For some reason I thought “THOMAS SMITH, an individual” was a nom de plume. Can you sue under one if that were the case?

christmas boots
Oct 15, 2012

To these sing-alongs 🎤of siren 🧜🏻‍♀️songs
To oohs😮 to ahhs😱 to 👏big👏applause👏
With all of my 😡anger I scream🤬 and shout📢
🇺🇸America🦅, I love you 🥰but you're freaking 💦me 😳out
Biscuit Hider

Old Kentucky Shark posted:

To me the wildest revelation is that a legal podcast helmed by a corporate contract lawyer only ever bothered with a verbal "50/50" agreement.

It's an example of peak Lawyer Brain that at every step in the process Andrew Torrez has apparently done the exact opposite of what he, as a lawyer, would presumably be advising his client to do.

I imagine that a large part of being a lawyer is having emotional distance from the situation and being able to keep your client from doing things that feel good/soothe their ego but won't actually help them legally. When you're your own lawyer you don't have that part of it.

pencilhands
Aug 20, 2022

this is gonna sound silly, but i'm genuinely curious - would it be a good idea for spock to represent himself legally?

e: assuming he had a JD and was a good lawyer.

Harold Fjord
Jan 3, 2004

pencilhands posted:

this is gonna sound silly, but i'm genuinely curious - would it be a good idea for spock to represent himself legally?

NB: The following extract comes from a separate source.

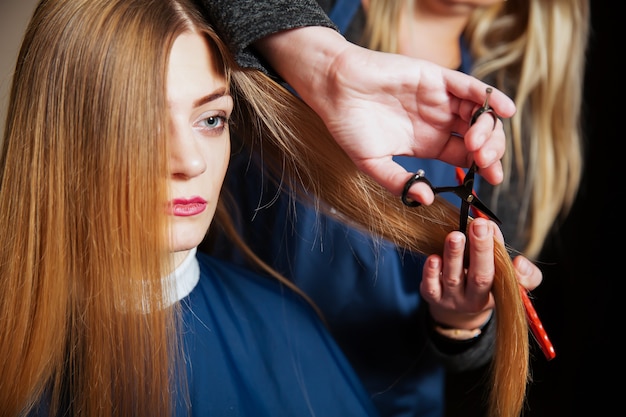 Hairdresser with scissors and comb cute hair to young woman.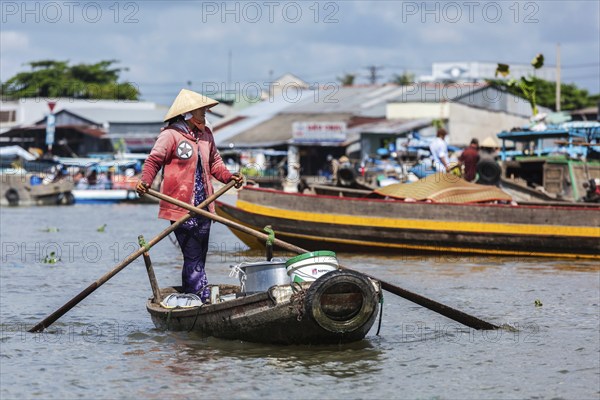 CAN THO, VIETNAM, 4 JUNE, 2011: Unidentified woman at floating market in Mekong river delta. Cai Rang and Cai Be markets are central markets in delta and became popular tourist destination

e: assuming he had a JD and was a good lawyer.

No

Slaan
Mar 16, 2009



ASHERAH DEMANDS I FEAST, I VOTE FOR A FEAST OF FLESH
Only if the jurisdiction is in the per se us cluster

haveblue
Aug 15, 2005



Toilet Rascal
Is starfleet under admiralty law

Kloaked00
Jun 21, 2005

I was sitting in my office on that drizzly afternoon listening to the monotonous staccato of rain on my desk and reading my name on the glass of my office door: regnaD kciN

haveblue posted:

Is starfleet under admiralty law

Good question, I don't believe their flag has golden tassels though....

christmas boots
Oct 15, 2012

To these sing-alongs 🎤of siren 🧜🏻‍♀️songs
To oohs😮 to ahhs😱 to 👏big👏applause👏
With all of my 😡anger I scream🤬 and shout📢
🇺🇸America🦅, I love you 🥰but you're freaking 💦me 😳out
Biscuit Hider

pencilhands posted:

this is gonna sound silly, but i'm genuinely curious - would it be a good idea for spock to represent himself legally?

e: assuming he had a JD and was a good lawyer.

I think it tends to annoy the judge so that alone would be a reason not to probably

Vahakyla
May 3, 2013
The justices sound skeptical about student loan relief but what the gently caress is it SCOCUS's lane if it's a trillion or not?


"A trillion dollars here, a trillion dollars there, doesn't make much difference to Congress"

Yeah so what? I don't care if it is a 69 gorillion dollars, the Congress wrote the law.
I know it's oral arguments and all and often it is just reading tea leaves, but goddamnit Alito's comment made me mad.

Charlz Guybon
Nov 16, 2010

pencilhands posted:

this is gonna sound silly, but i'm genuinely curious - would it be a good idea for spock to represent himself legally?

e: assuming he had a JD and was a good lawyer.

Vulcans are coldly logically until they're not. That's their whole thing, that they are seething with emotions under the façade. Absolutely should not represent himself

Charlz Guybon fucked around with this message at 10:09 on Mar 1, 2023

Pook Good Mook
Aug 6, 2013


ENFORCE THE UNITED STATES DRESS CODE AT ALL COSTS!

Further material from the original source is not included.